Why Labels and Publishers Are Looking for the Next Frontiers of Licensing

Jeff Chiu/AP/Shutterstock
Peloton bike.

Seven years ago, when Simon Sollberger was launching the online health/fitness coaching app Pear Sports, record labels wouldn’t play. It was impossible to license music to accommodate cross-fades between songs, and snippets of tracks that could be jumbled into a workout were out of the question. Says Sollberger, “It was like, ‘Let’s see if you can get an appointment with the labels,’ and the appointment was six months out. The writing on the wall was, ‘It’s going to be a nightmare to get them to agree to this format.’ ”

Then, three years ago, Peloton broke the dam, licensing music for over 13,000 online fitness classes for its exercise bikes — and today, labels and publishers are aggressively seeking new frontiers for licensing beyond TV, movies and advertisements. “The thing that gets me up in the morning is nontraditional categories,” says Bryan Stone, Universal Music’s senior vp digital strategy and business development.

“It has been expanding for years,” notes Primary Wave founder/CEO Larry Mestel, who’s working with Shinola on an upcoming line of Smokey Robinson watches.

Fitness remains the hottest new sector. Pear Sports was able to secure music deals three years ago with the help of Feed.fm, a go-between for rights holders and licensees. Weav customizes playlists and song speeds for running and skiing workouts, and startup Tonal offers Pandora-style genre stations as part of its home-fitness devices. “The holy grail of fitness right now is to provide the right workout to the right person at the right time,” says Feed.fm founder/CEO Jeff Yasuda. “An obvious corollary is to provide the right music to the right person at the right time.”

Rights holders have come around to more bespoke opportunities: Music-lesson services Fender Play and Guitar Tricks license songs for instructional videos; Marshmello performed a Fortnite in-game “virtual concert” last February that drew 10 million players; some gas stations provide music at their pumps. “The music industry has been rebounding for the past couple of years, and many people tie that directly to Spotify,” says BMI assistant vp digital licensing Evan Parness. “But it’s not just one music service — it’s diversification.”
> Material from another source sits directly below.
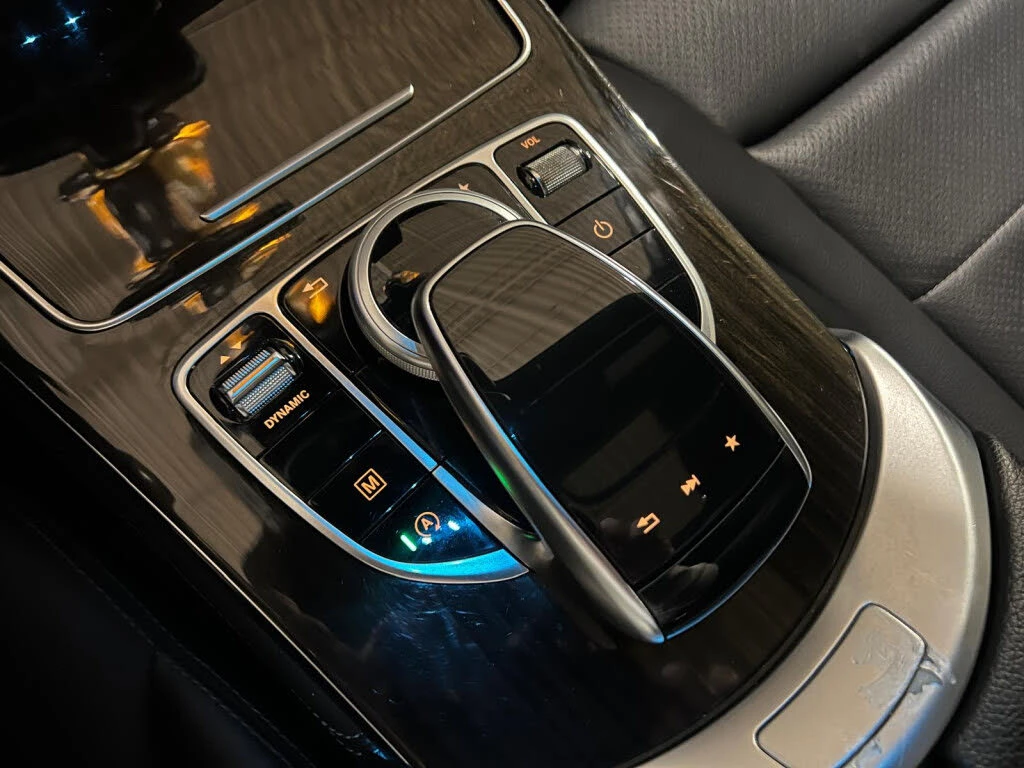 Mercedes-Benz GLC 300 4MATIC АвтоКредит  (ЦЕНА ДО БГ), снимка 5 - Автомобили и джипове - 53751046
Licensing for these opportunities is mostly standard: A fitness company contacts both label and publisher and makes a deal for on-demand digital streaming rights; a gas station has to license performance rights from BMI, ASCAP or SESAC to air music in a public space; and companies that offer users radio stations based on certain genres must pay for an internet-only radio license. Peloton paid $2.8 million for music in 2019, but after it allegedly used Ariana Grande and Drake songs in workout videos without the required licenses, the National Music Publishers’ Association sued the company for $150 million. “It’s really tough to do this,” says NMPA president/CEO David Israelite. “Even a company as well-funded and innovative as Peloton is going to have its travails.”

Ryan Vance, Tonal’s chief content officer, is still optimistic: “It’s great to see the labels actually beginning to understand the landscape and make deals they wouldn’t have made 10 years ago.”